The Yuyuan Garden is a classic garden in the heart of the Huangpu District of Shanghai, which was built and completed in the late 16th century. Despite this, it was opened for public consumption only in the 1960s. The Yuyuan Garden occupies over 5 acres of land and is very well-sculpted with classical Chinese architecture complimented with amazingly landscaped gardens and ponds.
Admission to the Yuyuan Garden will set you back around 40CNY (£4 or thereabouts). Tickets are on sale each day until around 5pm. Before you buy your ticket to get into the gardens, you must negotiate a bazaar. The bazaar was certainly bizarre, with shops selling souvenirs and antiquities (and the odd toy panda!), and western style eateries such as Haagen-Daz and Starbucks all in the mix. I found this to be a little disconcerting, as in my opinion the classical architecture of the area has been ruined by adding all these western fast food chains, even though popular local delicacies such as Shanghai dumplings are on sale too.
The design of the gardens has six main areas, all of which are separated from the others by what are termed as “dragon walls”; these are tiled ridged walls that have a dragon’s head on the end of each section.
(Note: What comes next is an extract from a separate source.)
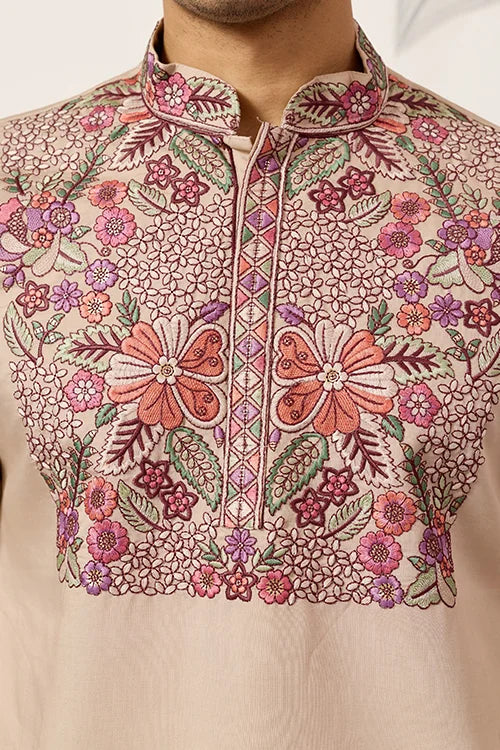 Beige Color Kurta Pant Set For Mens Traditional Outfit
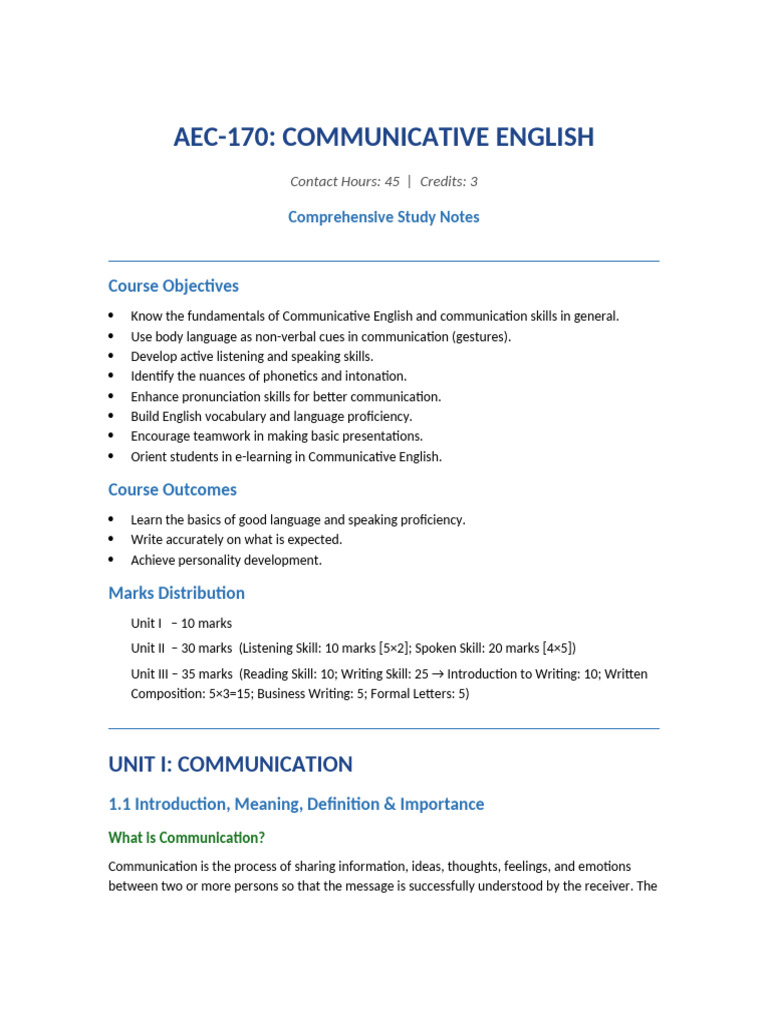 AEC 170 Communicative English Notes-2 | PDF | Communication | Nonverbal ...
The most famous section is probably Sansui Hall, which has the Grand Rockery as part of its collection, as you can see from the picture above.
As you can see from the picture above, all of the scenery at Yuyuan Garden is amazing, and I spent around 2-3 hours walking around talking photos and doing some filming. I was very impressed with the layout of the gardens, with quaint walkways and bridges leading from one pavilion to another. The layout of Yuyuan Garden is as such that a story can be told from passing from each area and artefact from the beginning to the end. Signposts are in English as well as Chinese, and I think I also saw some Japanese notices, and these all help tell the story. I like to think of Yuyuan Garden as being an open-air museum with the odd koi pond thrown in.
It was nice to learn that, unlike some similar attractions in Beijing (such as the Temple of Heaven or the Summer Palace), you could enter most of the halls and pavilions, and acquaint yourself with the small layout of said buildings. The picture above shows the view out of the Nine Lion Study.
I enjoyed my visit to the Yuyuan Gardens. It was nice to stroll through a tranquil Zen garden in the middle of bustling and polluted Shanghai. At times, it felt like I was in Kyoto again. I recommend a visit to these gardens to everybody.